Preston attempts, though fruitlessly, to uncover other couriers connected to the operation. A month into the investigation, a bumbling Czechoslovak operative, originally believed to be an Austrian, under the name 'Franz Winkler' arrives at Heathrow with a forged visa in his passport and is shadowed to a house in Chesterfield. Preston's patience is rewarded when Petrofsky shows up to use the radio transmitter that is located there. He trails Petrofsky to his rented house, where the bomb has been assembled. An SAS team is called in to storm the house, and wounds Petrofsky before he can detonate the bomb. Despite Preston's express wishes, the commander kills Petrofsky during the raid. Before dying, he manages to say one last word: "Philby".

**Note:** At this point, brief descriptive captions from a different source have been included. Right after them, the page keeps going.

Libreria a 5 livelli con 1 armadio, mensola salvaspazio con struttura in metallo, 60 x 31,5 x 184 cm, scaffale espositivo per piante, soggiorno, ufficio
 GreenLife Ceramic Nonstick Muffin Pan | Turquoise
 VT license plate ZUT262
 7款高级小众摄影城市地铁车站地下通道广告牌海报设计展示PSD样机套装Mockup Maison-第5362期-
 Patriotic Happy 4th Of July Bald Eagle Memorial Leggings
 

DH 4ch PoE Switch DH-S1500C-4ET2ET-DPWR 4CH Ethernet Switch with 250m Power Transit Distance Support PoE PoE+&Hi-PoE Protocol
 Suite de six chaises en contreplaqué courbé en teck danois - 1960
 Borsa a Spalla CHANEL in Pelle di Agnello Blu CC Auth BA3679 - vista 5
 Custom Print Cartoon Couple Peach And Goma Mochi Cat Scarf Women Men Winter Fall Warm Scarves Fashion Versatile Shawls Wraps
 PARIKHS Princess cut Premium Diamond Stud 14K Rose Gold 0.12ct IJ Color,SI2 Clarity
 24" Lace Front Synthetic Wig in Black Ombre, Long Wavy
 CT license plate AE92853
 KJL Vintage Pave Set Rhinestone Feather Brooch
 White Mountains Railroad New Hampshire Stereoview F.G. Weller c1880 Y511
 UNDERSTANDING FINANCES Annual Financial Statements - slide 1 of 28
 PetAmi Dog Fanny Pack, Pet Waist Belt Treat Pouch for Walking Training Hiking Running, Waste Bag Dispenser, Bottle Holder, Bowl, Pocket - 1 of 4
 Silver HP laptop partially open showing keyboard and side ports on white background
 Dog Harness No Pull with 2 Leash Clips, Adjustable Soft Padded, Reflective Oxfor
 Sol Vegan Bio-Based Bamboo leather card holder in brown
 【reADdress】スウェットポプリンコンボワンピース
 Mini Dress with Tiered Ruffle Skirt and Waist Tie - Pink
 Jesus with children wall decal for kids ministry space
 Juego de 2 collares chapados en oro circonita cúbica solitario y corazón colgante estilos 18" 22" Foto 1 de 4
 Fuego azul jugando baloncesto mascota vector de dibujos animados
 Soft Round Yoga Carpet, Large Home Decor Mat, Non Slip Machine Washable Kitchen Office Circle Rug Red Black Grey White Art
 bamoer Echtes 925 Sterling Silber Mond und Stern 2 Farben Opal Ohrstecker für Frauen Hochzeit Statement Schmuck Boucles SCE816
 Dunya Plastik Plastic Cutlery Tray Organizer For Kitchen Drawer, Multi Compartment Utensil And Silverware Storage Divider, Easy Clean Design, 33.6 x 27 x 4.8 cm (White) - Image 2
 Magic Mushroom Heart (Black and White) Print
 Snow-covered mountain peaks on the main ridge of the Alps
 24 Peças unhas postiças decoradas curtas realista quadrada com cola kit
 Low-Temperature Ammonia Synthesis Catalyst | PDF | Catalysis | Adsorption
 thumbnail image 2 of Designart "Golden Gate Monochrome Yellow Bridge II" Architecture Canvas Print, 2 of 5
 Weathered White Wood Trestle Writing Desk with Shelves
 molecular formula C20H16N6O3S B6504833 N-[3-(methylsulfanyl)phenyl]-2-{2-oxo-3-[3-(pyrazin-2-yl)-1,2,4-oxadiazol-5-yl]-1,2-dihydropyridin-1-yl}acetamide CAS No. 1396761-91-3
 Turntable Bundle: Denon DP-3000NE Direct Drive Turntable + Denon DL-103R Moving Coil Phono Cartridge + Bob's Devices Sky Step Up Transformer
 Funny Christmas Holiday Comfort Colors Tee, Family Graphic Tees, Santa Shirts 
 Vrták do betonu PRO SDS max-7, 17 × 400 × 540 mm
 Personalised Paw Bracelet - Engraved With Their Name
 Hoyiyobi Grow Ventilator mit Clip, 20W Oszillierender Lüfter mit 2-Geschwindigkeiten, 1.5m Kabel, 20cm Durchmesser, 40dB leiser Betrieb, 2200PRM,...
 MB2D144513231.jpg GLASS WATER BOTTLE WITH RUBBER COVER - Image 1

Preston confronts Irvine with his theory that Philby deliberately blew the operation; the latter did not know Petrofsky's location but instead sent Franz Winkler with an obviously fake identity document to the transmitter's location and ultimately, to Petrofsky. Irvine admits to compromising the operation by leaking disinformation through Berenson to General Karpov that they were closing in on their suspect. In turn, Karpov (and not Philby) sent Winkler, sabotaging Plan Aurora. By sending Winkler, Karpov thwarted a British publicity victory as Irvine understood the implication that Petrofsky must not be caught alive or exposed in the media. Preston, however, is disappointed that Petrofsky was killed outright rather than arrested. Irvine also admits that Philby has indeed been passing intelligence to the British embassy in Moscow (via carrier pigeons), hoping to earn repatriation back to the United Kingdom, but he did not expose Plan Aurora, and even if he had, as far as Irvine is concerned, "he can rot in hell".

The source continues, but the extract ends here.